Liverpool Sound and Vision Rating * * * *
Cast: Steven Yeun, Marika Sila, Patrick Gallagher, Eric Keenleyside, Andrew Kavadas, Gail Maurice, Greg Kinnear, Jordan Peele, Jill Teed, Babak A. Motamed, Adam Stafford, Tanja Dixon-Warren, June B. Wilde, Trevor Lerner.
For anyone who has spent time on the road, back packing round Europe in their gap year, or the more adventurous type who see the Americas and the lands of the East a more defining pull, there will always come a time when you walk into a new town or village, when you get off the bus and stare at your surroundings, there will always one person who views you with suspicion, something in their gut tells them that you are not who you say your are.

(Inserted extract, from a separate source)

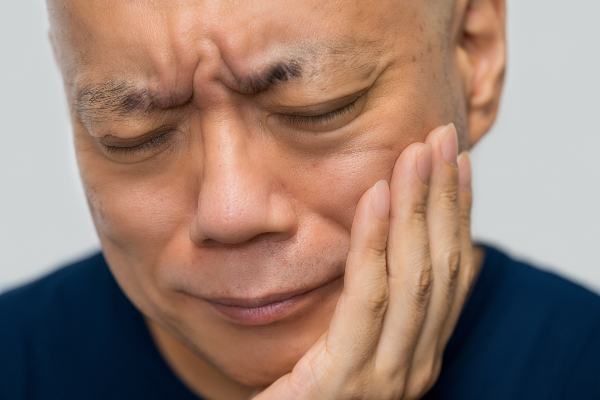 入れ歯が合わず痛みが出た男性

You are, after all, only A Traveler, a speck of time in someone else’s back yard, and suspicion will always fall upon the stranger who is present when something terrible happens, when things go awry. However, as The Twilight Zone is apt to do, to turn a situation on its head and make the group of people accusing you turn on themselves, to extradite yourself from the problem whilst looking at all times, the good guy.
Bringing such a show to the small screen takes effort on everybody’s part, and whilst there is always room for the acting fraternity to be given their applause, quite often, and never intentionally, the writers and the director, as well as all those involved, get left out of the praise. That should not be the case this particular episode of The Twilight Zone, as Ana Lily Amirpour’s direction compliments Glen Morgan’s script to the letter, a rare meeting of minds to whom it feels they truly got the understanding of the message of the series.
Underneath A Traveler is a damning criticism of the way we treat the stranger, and yet it also follows the line of trusting our instincts, and as Steven Yeun conveys precise ingratiation to those around him, he also gives off that one signal to one of the officers of the law that sense of disturbance, and the effect, given sharp definition by the writing and direction, is one that rightly gives the audience the creeps, slimy rather than fear, sycophantic smiles for the crowd as he strips them of their own truth.
A decently laid out tale from this latest version of stories based on the premise of Rod Serling’s body of work.